Recruiting efforts will continue next week at the NYU Institute on State and Local Taxation.
Survey Time: Model Sales Tax Nexus Statute Goes to the States
The Executive Committee voted to send its Model Sales and Use Tax Nexus Statute to a Bylaw Survey VII study, which gauges state interest in enacting the model. This is the next procedural hurdle to overcome before the proposed statute is adopted by the MTC. In effect, Bylaw VII surveys are a way for the MTC to portend the adoption of a recommendation by the Executive Committee. A Bylaw VII survey is a poll of the MTC member states regarding whether they would “consider adopting” a draft proposal relating to uniform or compatible tax laws, regulations or administrative practices—not whether they will, in fact, adopt the proposal. Should a majority of the MTC member states polled report that they would consider adopting the draft proposal, the proposal is referred to the MTC for possible adoption as a uniformity recommendation.

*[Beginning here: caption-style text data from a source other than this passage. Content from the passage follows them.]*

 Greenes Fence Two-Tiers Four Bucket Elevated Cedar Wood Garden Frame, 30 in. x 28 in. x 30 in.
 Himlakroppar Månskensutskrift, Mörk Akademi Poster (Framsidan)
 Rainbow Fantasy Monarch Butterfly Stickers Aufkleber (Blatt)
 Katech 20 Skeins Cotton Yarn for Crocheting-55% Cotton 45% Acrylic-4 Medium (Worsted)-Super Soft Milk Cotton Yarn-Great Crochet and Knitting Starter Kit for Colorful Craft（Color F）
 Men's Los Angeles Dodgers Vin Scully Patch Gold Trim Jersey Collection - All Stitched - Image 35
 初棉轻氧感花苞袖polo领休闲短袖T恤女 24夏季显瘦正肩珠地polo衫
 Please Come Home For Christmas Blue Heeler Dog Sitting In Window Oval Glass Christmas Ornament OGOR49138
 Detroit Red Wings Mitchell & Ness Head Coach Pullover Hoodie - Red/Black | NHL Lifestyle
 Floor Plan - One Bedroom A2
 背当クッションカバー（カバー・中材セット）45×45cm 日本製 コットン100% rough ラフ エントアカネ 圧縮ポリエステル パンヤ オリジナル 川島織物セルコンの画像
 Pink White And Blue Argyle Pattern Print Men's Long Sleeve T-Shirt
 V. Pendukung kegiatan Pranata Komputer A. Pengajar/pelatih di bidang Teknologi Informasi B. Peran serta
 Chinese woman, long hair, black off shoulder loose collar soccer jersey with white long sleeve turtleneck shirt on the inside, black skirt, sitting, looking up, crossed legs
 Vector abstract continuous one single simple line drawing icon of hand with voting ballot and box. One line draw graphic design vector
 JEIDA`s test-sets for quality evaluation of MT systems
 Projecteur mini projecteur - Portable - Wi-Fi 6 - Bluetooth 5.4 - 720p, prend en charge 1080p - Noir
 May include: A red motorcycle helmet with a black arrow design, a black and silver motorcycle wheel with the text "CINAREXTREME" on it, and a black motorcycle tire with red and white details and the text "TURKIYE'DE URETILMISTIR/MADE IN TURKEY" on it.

The Model Sales Tax Nexus Statute articulates several ways in which a remote seller is deemed “engaged in business” in a state in which it is not physically present. The statute extends the U.S. Supreme Court’s holdings in Tyler Pipe v. Washington, 483 U.S. 232 (1987), and Script v. Carson, 362 U.S. 207 (1960)—which held that activities by in-state representatives can attribute nexus to the out-of-state party—to activities conducted through the Internet. With states continuing to express dissatisfaction with the U.S. Supreme Court’s current sales tax jurisprudence, states are looking for new ways to chip away at the physical presence requirement upheld in Quill Corp. v. North Dakota, 504 U.S. 298 (1992). The Model Sales Tax Nexus Statute could be another way of doing so, and the Executive Committee specifically noted that some states have expressed a desire to use the model in that fashion.
If a majority of the states indicate that they would consider adopting this provision, the Model Sales Tax Nexus Statute would likely go before the Executive Committee for a final vote at the July 2016 meeting.
Almost There: Uniformity Committee Completes Draft of Market Sourcing Regulations, Set to Enter Public Comment Phase
Yesterday, the MTC’s Uniformity Committee approved draft market-based sourcing regulations and definitions. Since November 5, 2014, a working group with representatives from across the nation has met weekly to discuss and draft a model market-based sourcing regulation to implement changes to the sourcing of sales other than sales of tangible property under Article IV, Section 17 of the Multistate Tax Compact. The working group used Massachusetts market-based sourcing regulation (830 CMR 63.38.1) as a starting point for draft language and discussion points. After more than a year of meetings, the Uniformity Committee completed and approved the draft market-based sourcing rules and definitions.
Although the Uniformity Committee has completed the draft, the process for finalizing the draft is far from over. Importantly, the MTC must provide a 30-day notice for public comment on the regulations before the Executive Committee can approve the regulations. The Executive Committee does not meet in person again until May 2016. Matson determined that the most efficient way to meet the procedural hurdles to vote on the regulation when the MTC convenes its annual meeting in July 2016 is to finalize the time for public hearing and comment via a teleconference in early 2016. When the period is finalized and announced, the public can submit comments regarding the draft regulations.